Science & Technology Studies Spring 2023 Colloquium

Jenny Goldstein

Land as Experiment, Landscapes as Laboratories: Destruction and Repair in Indonesia’s Peatlands

Over the past several decades Indonesia’s peatlands, deep deposits of decaying, carbon-dense vegetation, have been transformed from forested wetlands to flammable landscapes that emit copious amounts of carbon dioxide. The reasons for such extensive destruction are often described in terms of failure: failed state development projects and failed attempts at land repair. I argue, however, that these novel landscapes are experiments with land at a scale that states, scientists, and the planet’s inhabitants are just beginning to grapple with—yet are becoming increasingly common in a warming world—and that these landscapes are better understood as laboratories for living with earth system volatility than as failures. In this talk, I draw on conceptual frameworks from geography and STS, and a political ecology of peat soil, to unpack the story of the Mega Rice Project, a one-million hectare site of degraded peatland in Indonesian Borneo. The formerly authoritarian Indonesian state drained the wetlands for rice production in the 1990s; since then, the peat soil now burns on a near-annual basis. In the years since the project ended, the area has attracted attention from development agencies, corporations, financiers, NGOs, and activists around the world. As a result, the area has been a fulcrum for experiments on how to repair Indonesia’s degraded peatlands, a laboratory for scientific and political-economic practices shaped by climate change politics, and a place where rural communities attempt to live with ongoing ecological volatility.

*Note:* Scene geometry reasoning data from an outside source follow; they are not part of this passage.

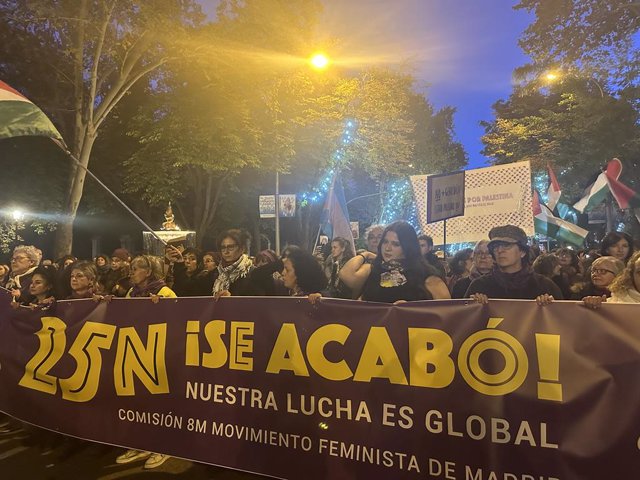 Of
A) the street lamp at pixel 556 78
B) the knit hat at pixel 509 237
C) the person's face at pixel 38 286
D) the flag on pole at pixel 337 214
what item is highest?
the street lamp at pixel 556 78

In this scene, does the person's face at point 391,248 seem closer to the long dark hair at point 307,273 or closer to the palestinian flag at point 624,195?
the long dark hair at point 307,273

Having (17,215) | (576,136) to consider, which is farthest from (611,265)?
(17,215)

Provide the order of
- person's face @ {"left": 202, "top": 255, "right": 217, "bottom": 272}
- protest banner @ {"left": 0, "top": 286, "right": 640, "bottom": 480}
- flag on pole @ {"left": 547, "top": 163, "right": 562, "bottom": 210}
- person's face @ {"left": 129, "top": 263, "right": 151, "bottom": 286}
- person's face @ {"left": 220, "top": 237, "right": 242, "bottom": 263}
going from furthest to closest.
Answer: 1. flag on pole @ {"left": 547, "top": 163, "right": 562, "bottom": 210}
2. person's face @ {"left": 202, "top": 255, "right": 217, "bottom": 272}
3. person's face @ {"left": 220, "top": 237, "right": 242, "bottom": 263}
4. person's face @ {"left": 129, "top": 263, "right": 151, "bottom": 286}
5. protest banner @ {"left": 0, "top": 286, "right": 640, "bottom": 480}

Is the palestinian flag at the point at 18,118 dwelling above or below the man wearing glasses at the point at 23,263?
above

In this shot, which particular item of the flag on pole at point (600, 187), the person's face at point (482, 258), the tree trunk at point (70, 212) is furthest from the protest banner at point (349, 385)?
the tree trunk at point (70, 212)

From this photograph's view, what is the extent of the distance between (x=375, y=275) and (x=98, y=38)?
11.9m

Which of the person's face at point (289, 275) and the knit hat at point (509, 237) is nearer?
the knit hat at point (509, 237)

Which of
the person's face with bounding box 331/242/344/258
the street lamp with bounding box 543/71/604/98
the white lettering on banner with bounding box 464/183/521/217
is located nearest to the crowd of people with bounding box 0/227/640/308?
the person's face with bounding box 331/242/344/258

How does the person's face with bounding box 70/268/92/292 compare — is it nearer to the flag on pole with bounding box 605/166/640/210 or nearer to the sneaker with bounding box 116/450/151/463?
the sneaker with bounding box 116/450/151/463

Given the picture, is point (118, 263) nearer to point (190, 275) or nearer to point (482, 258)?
point (190, 275)

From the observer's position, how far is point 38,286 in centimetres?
501

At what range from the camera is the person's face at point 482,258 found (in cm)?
529

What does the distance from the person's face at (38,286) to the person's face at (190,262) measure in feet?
4.68

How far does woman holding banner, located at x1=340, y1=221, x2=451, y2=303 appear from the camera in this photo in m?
3.91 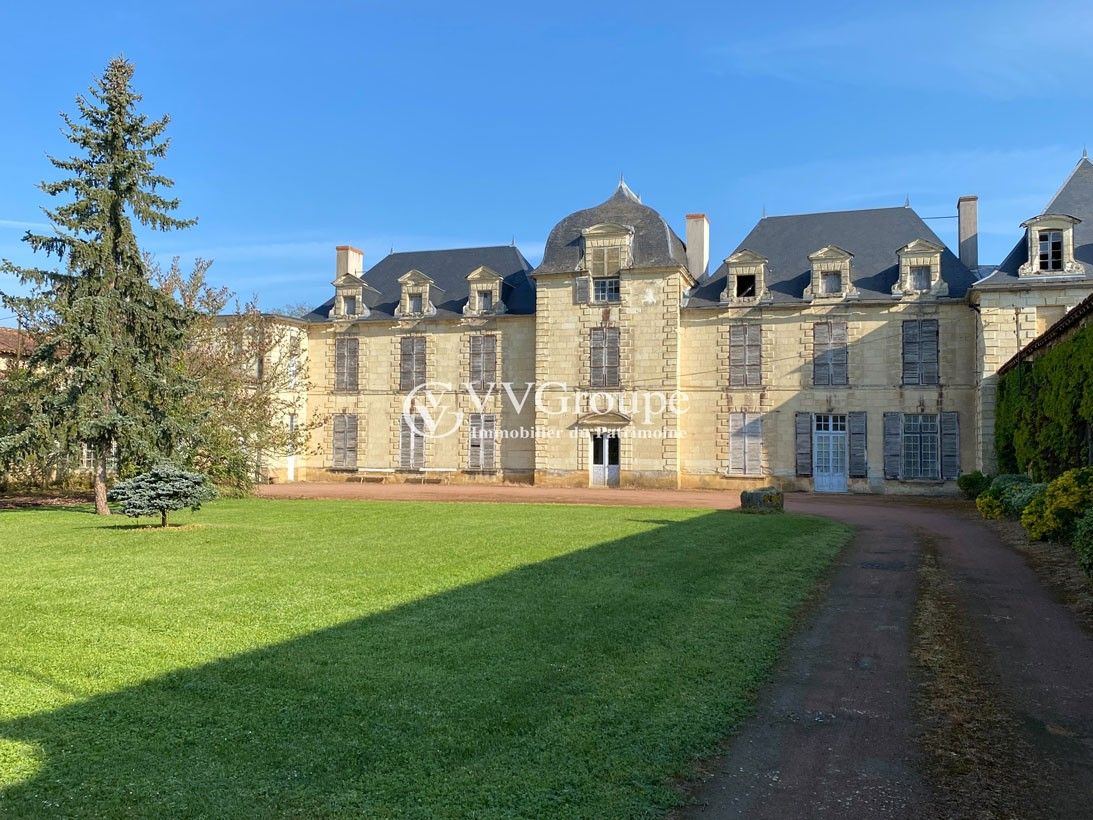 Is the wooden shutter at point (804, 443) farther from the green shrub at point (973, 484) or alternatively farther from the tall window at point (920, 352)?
the green shrub at point (973, 484)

Jenny Goldstein is an Assistant Professor in the Department of Global Development at Cornell University, an Atkinson center for a Sustainable Future Faculty Fellow, and a core faculty member of Cornell’s Southeast Asian Studies Program. She is the elected president of the Cultural and Political Ecology speciality group of the American Association of Geographers (2022-24). From 2016-17 she was an Atkinson Center for a Sustainable Future postdoctoral associate at Cornell, based in the Science & Technology Studies department.